LUIS SANTANA   |   Times Thousands of dead fish and crustaceans washed up on Madeira Beach on Sunday.
LUIS SANTANA | Times Thousands of dead fish and crustaceans washed up on Madeira Beach on Sunday.
Published Sep. 17, 2018

After Red Tide reappeared on Pinellas County beaches the day before, the sights and smells of dead fish continued to wash ashore Sunday.

Red Tide is an algae bloom that produces toxins that kill fish and can be dangerous for humans with respiratory issues. The microscopic algae Karenia brevis reproduces offshore; it can be carried to beaches by ocean currents.

It's spread north along Florida's gulf coast for months.

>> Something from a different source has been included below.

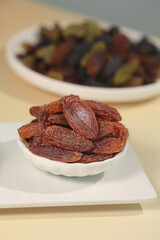 Red Xinjiang Raisins in Bowl with Mixed Dried Fruits Background - Healthy Organic Snacks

According to state measurements, the bloom was present as recently as Thursday along beaches from Pinellas County to Lee County.

Sunday morning, Red Tide caused "strong" odors and dead fish on Madeira Beach, Redington Shores, Indian Shores, St. Pete Beach, Clearwater Beach and Pass-A-Grille, with other beaches affected to a lesser extent.

Fort DeSoto Park, which reported heavy amounts of dead fish on its Gulf side shore on Saturday, had returned to "normal" conditions by Sunday, according to Pinellas County.

Shrimp boats continued to drag nets through the water off Madeira Beach on Sunday, trying to catch as many dead fish as possible before they washed up on shore.

According to the National Oceanic and Atmospheric Administration, Red Tide is forecast to continue cause moderate irritation on northern Pinellas beaches and high irritation for southern Pinellas beaches on Monday.